◆ **WHAT YOU NEED TO DO**
Reproduce the whole listing exactly, omitting any picture it holds.

◆ **INPUT DATA**
== Segment start ==

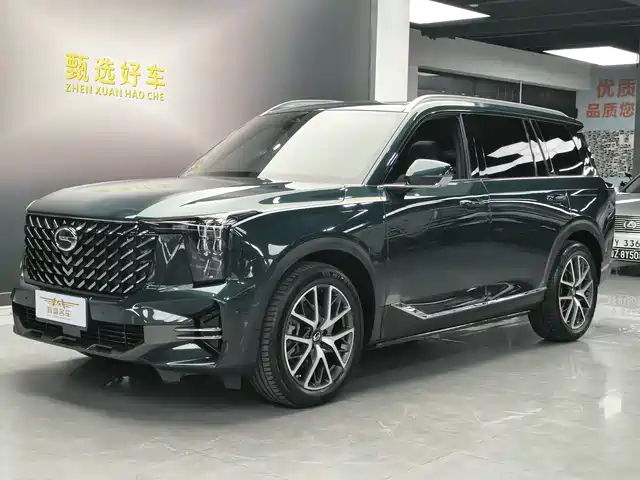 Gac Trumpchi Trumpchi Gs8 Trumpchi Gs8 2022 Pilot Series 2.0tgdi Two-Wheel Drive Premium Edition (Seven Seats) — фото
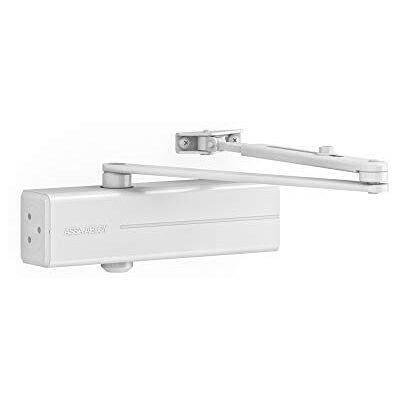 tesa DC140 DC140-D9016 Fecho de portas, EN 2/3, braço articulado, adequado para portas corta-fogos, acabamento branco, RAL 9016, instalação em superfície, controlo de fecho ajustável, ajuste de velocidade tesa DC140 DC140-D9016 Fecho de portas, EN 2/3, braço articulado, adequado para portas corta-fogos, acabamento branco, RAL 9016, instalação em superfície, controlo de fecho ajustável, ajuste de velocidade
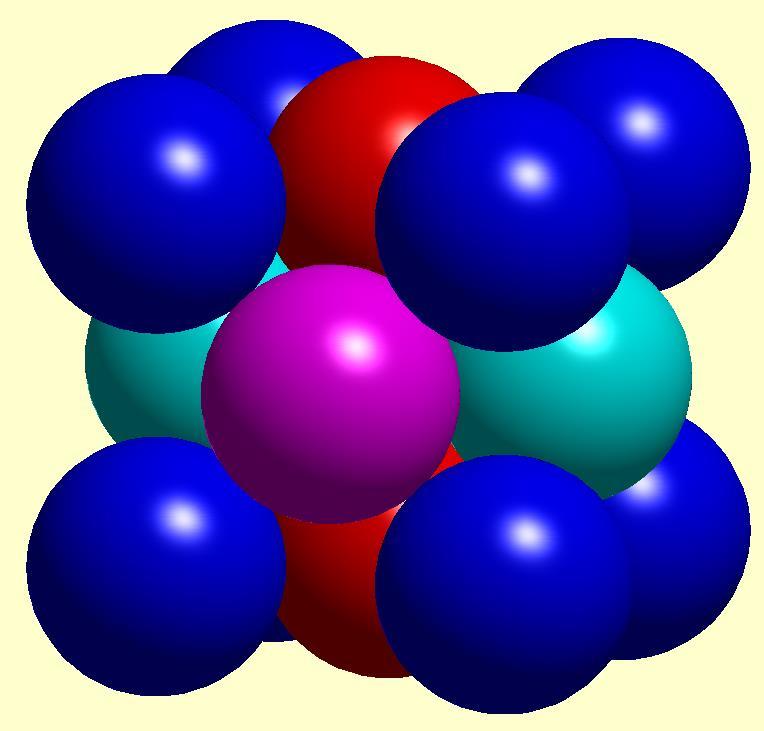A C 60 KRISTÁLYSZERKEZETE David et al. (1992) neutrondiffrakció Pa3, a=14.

== Segment end ==

◆ **EXPECTED OUTPUT**
 Gac Trumpchi Trumpchi Gs8 Trumpchi Gs8 2022 Pilot Series 2.0tgdi Two-Wheel Drive Premium Edition (Seven Seats) — фото
 tesa DC140 DC140-D9016 Fecho de portas, EN 2/3, braço articulado, adequado para portas corta-fogos, acabamento branco, RAL 9016, instalação em superfície, controlo de fecho ajustável, ajuste de velocidade tesa DC140 DC140-D9016 Fecho de portas, EN 2/3, braço articulado, adequado para portas corta-fogos, acabamento branco, RAL 9016, instalação em superfície, controlo de fecho ajustável, ajuste de velocidade
A C 60 KRISTÁLYSZERKEZETE David et al. (1992) neutrondiffrakció Pa3, a=14.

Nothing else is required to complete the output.